One method of manufacturing the membrane-electrode assembly includes coating a catalyst layer composition on a release substrate, placing the release substrate on a polymer electrolyte membrane for transferring the coating layer, and then transferring the coating layer by rolling or the like. .

However, this method is performed by applying a pressure of 100 kgf / cm ² at a temperature of about 130 ° C. for 3 to 5 minutes in the rolling process, and generally by a bar coater process. There has been a problem in that the diffusion of fuel and oxidant has become difficult.

The present invention is to solve the problems caused by the formation of this dense catalyst layer. That is, as the catalyst layer formed by the production method of the present invention has pores and the pores are large in size with a uniform distribution, the reactants of the fuel and the oxidant can be easily diffused to efficiently use the fuel and the oxidant. Can be. In the present invention, by appropriately adjusting the pore size and distribution, the reactant is easily convinced, and the problem of fuel crossover does not occur, thereby improving performance (reducing mixed potential), increasing durability, and increasing fuel economy. In addition, when a mixture of hydrocarbon fuel and water is used as a fuel, water crossover can be prevented and water flooding can be prevented at the cathode electrode. Also, a small amount of water generated at the cathode electrode in the fuel cell system is prevented. Due to the circulation, a smaller volume of capacitors can be used, thereby reducing the overall volume of the fuel cell system.

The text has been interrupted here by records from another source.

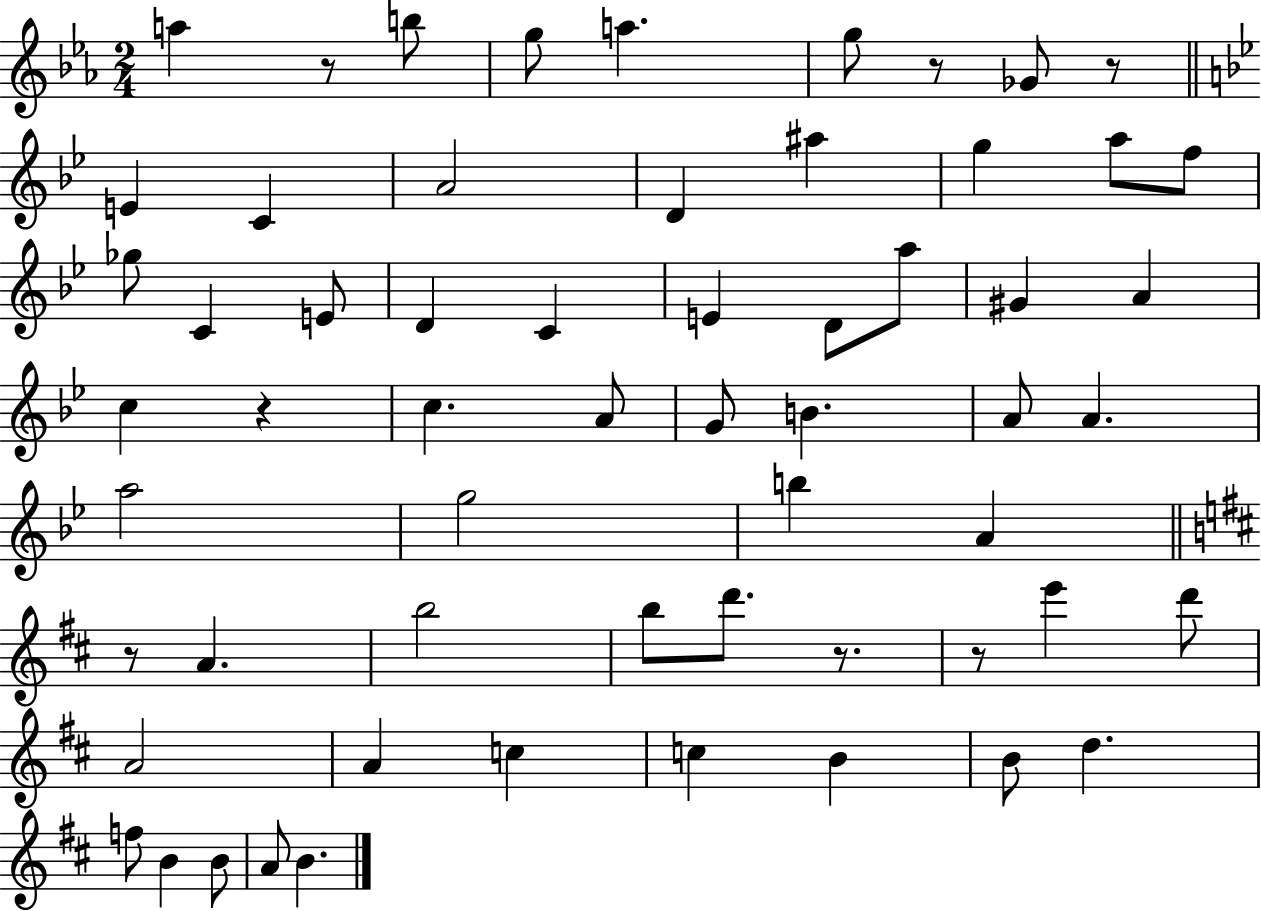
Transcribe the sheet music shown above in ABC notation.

X:1
T:Untitled
M:2/4
L:1/4
K:Eb
a z/2 b/2 g/2 a g/2 z/2 _G/2 z/2 E C A2 D ^a g a/2 f/2 _g/2 C E/2 D C E D/2 a/2 ^G A c z c A/2 G/2 B A/2 A a2 g2 b A z/2 A b2 b/2 d'/2 z/2 z/2 e' d'/2 A2 A c c B B/2 d f/2 B B/2 A/2 B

Hereinafter, the manufacturing method of the membrane-electrode assembly of the present invention will be described in detail.

First, a catalyst composition including a catalyst, a binder, and a solvent is applied to a polyimide release substrate to form a first catalyst layer.

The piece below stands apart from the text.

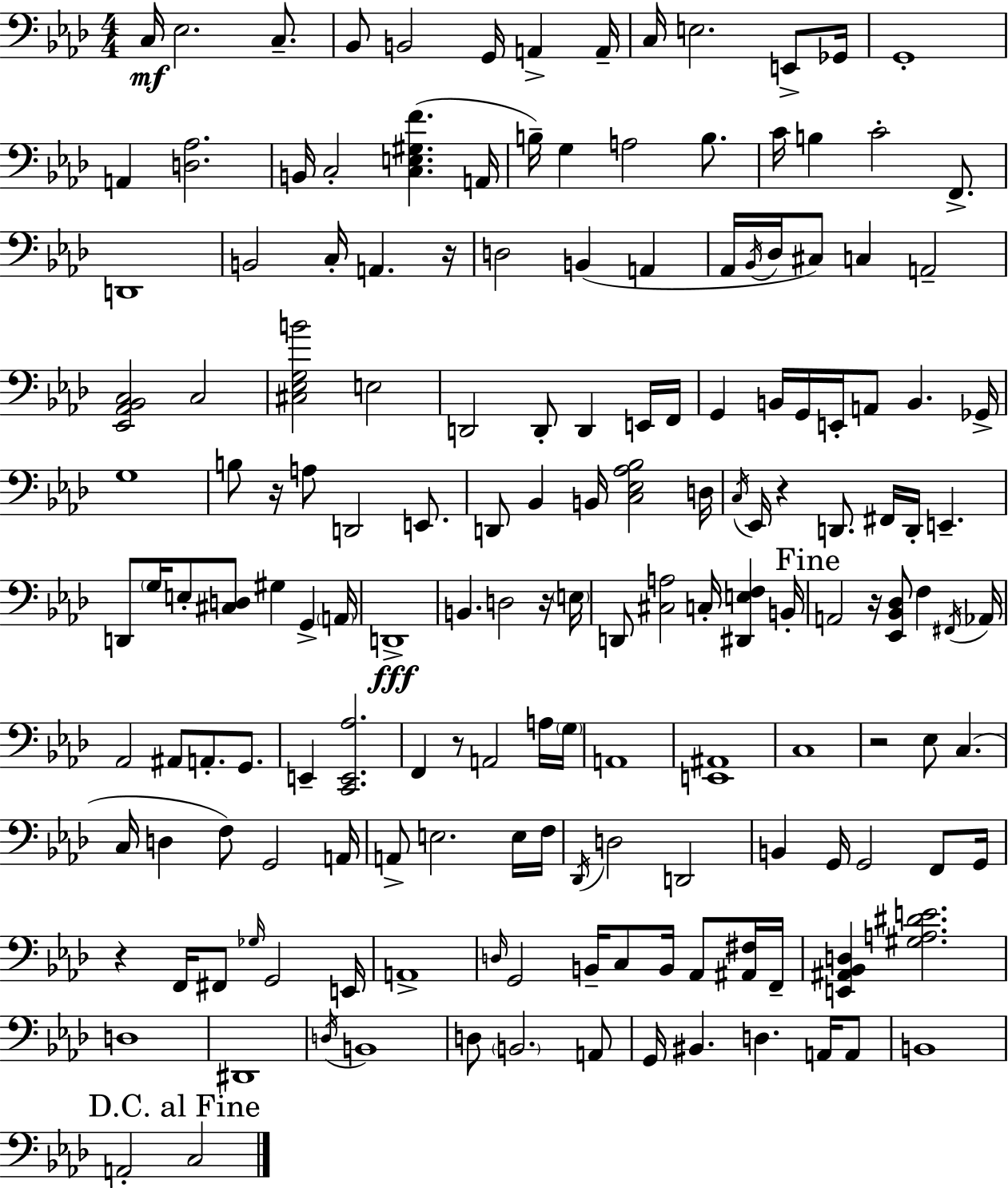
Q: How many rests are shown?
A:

The polyimide release substrate may be one commercially available under the trade name Kapton, but is not limited thereto.

The coating step is preferably performed after placing the release substrate on a heating plate, so that the coating and drying steps can be performed simultaneously. The temperature of the heating plate is preferable because 40 to 50 ° C. rapidly evaporates the solvent and does not deteriorate the physical properties of the catalyst.

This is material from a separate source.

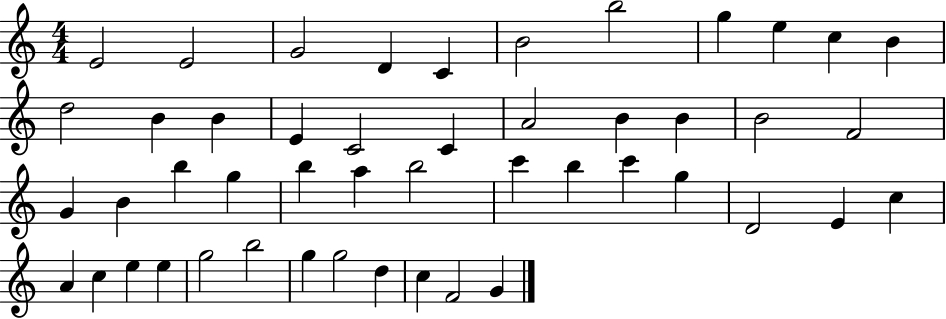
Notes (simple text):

E4/h E4/h G4/h D4/q C4/q B4/h B5/h G5/q E5/q C5/q B4/q D5/h B4/q B4/q E4/q C4/h C4/q A4/h B4/q B4/q B4/h F4/h G4/q B4/q B5/q G5/q B5/q A5/q B5/h C6/q B5/q C6/q G5/q D4/h E4/q C5/q A4/q C5/q E5/q E5/q G5/h B5/h G5/q G5/h D5/q C5/q F4/h G4/q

The catalyst may be used for both the anode and the cathode of the fuel cell, and representative examples thereof include platinum, ruthenium, osmium, platinum-ruthenium alloy, platinum-osmium alloy, platinum-palladium alloy and platinum-M alloy (M Silver, at least one transition metal selected from the group consisting of Ga, Ti, V, Cr, Mn, Fe, Co, Ni, Cu, Zn, Sn, Mo, W, Rh and Ru) The above catalyst is mentioned.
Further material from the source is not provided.